President Biden signed the $1.2 trillion “Infrastructure Investment and Jobs Act” (IIJA) into law in November. This legislation reauthorizes federal surface transportation programs through 2026. The measure signed into law on November 15, 2021, was exactly what the Senate had passed in early August. The 5- year reauthorization bill includes $91 billion in transit authorization.

All FTA formula grant programs will jump 30 percent from FY 2021 to FY 2022 and will continue growing through FY 2026.  That also that the non-federal “local match” funding required to leverage these dollars also will need to grow 30 percent, or else states and transit agencies might be leaving some of their transit money on the federal table, untouched according to CTAA. This is the biggest issue for Missouri transit providers as many rely on the state’s investment in transit, local sales taxes, and other contracts for this match. State investment in Missouri is next to nothing at $1.7M for 34 providers across the state.

The largest portion of FTA spending has been derived from the Mass Transit Account of the Highway Trust Fund, most of which would continue to be distributed in formula-based grants to urban areas and to states.

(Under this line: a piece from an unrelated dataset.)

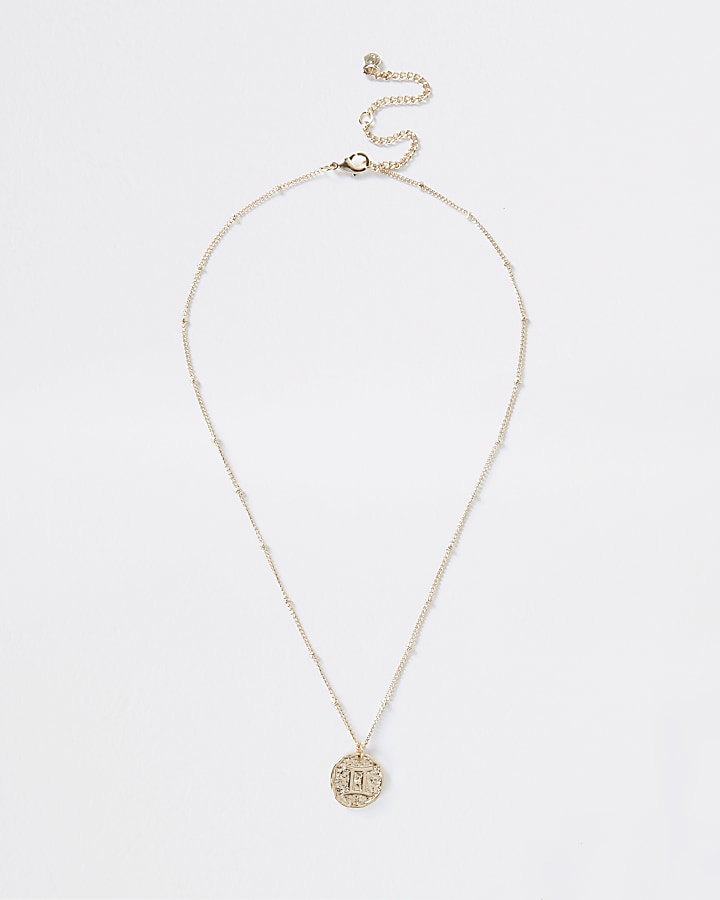 Gold Gemini horoscope coin necklace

Under the IIJA, trust fund spending jumps to $13.4 billion in Fiscal Year 2022, and this funding increases steadily to $14.6 billion in FY 2026. In addition to those funds from the Mass Transit Account, the legislation institutionalizes another $6.25 billion per year in specific general fund supplements to the public transit program.

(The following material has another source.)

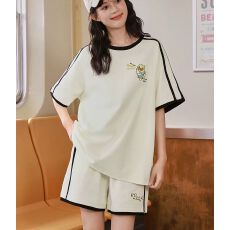 批发原版做工小鸭子宽松<b class='q'>可爱</b>卡通刺绣polo衫短袖短裤套装女两件套夏季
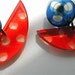 RESERVED for DEB - Plexiglas Earrings Vintage 80's Strictly Disco Slice of Fruit Dangle Design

  • The Section 5310 program (currently authorized at $285.6 million) would jump to $371.2 million in FY 2022 and keep growing to $407.0 million in FY 2026. This program would be supplemented with an additional $50.0 million a year in general funds.
  • The Section 5311 authorization (currently $673.3 million) grows to $875.3 million in FY 2022, increasing steadily to $959.6 million in FY 2026. Additional Section 5311 funds would continue to be derived from Section 5340, as currently is the case.
  • Section 5307 urban transit formula grants (currently authorized at $4.9 billion), would be $6.4 billion in FY 2022, increasing to $7.0 billion in FY 2026.
  • Section 5339 bus and bus facilities grants, currently authorized at $808.7 million (not including generous supplemental appropriations from general revenues), would be $1.1 billion in FY 2022, increasing steadily to $1.2 billion in FY 2026.
  • The Section 5339(c) low- and no-emission bus program, currently funded at $55.0 million, jumps to $71.6 million in FY 2022, growing to $78.5 million in FY 2026; the bill adds a new requirement that at least 25 percent of Section 5339(c) grants be made for vehicles that are not zero-emission buses.

These funds, although authorized, don’t begin to become available until annual appropriations are signed into law.

“The IIJA is a significant opportunity for Missouri, however, it is imperative that the State of Missouri step up on its investment in public transit.  The lack of state investment potentially leaves federal funds on the table when in comes to transit. Providers like OATS and the City of Joplin do not have access to a local match in order to ensure the ability to draw down the funds available.  This coming legislative session is an opportunity to bring more federal dollars for transit with an increased investment on the part of the state,” said Kimberly Cella, executive director of Citizens for Modern Transit.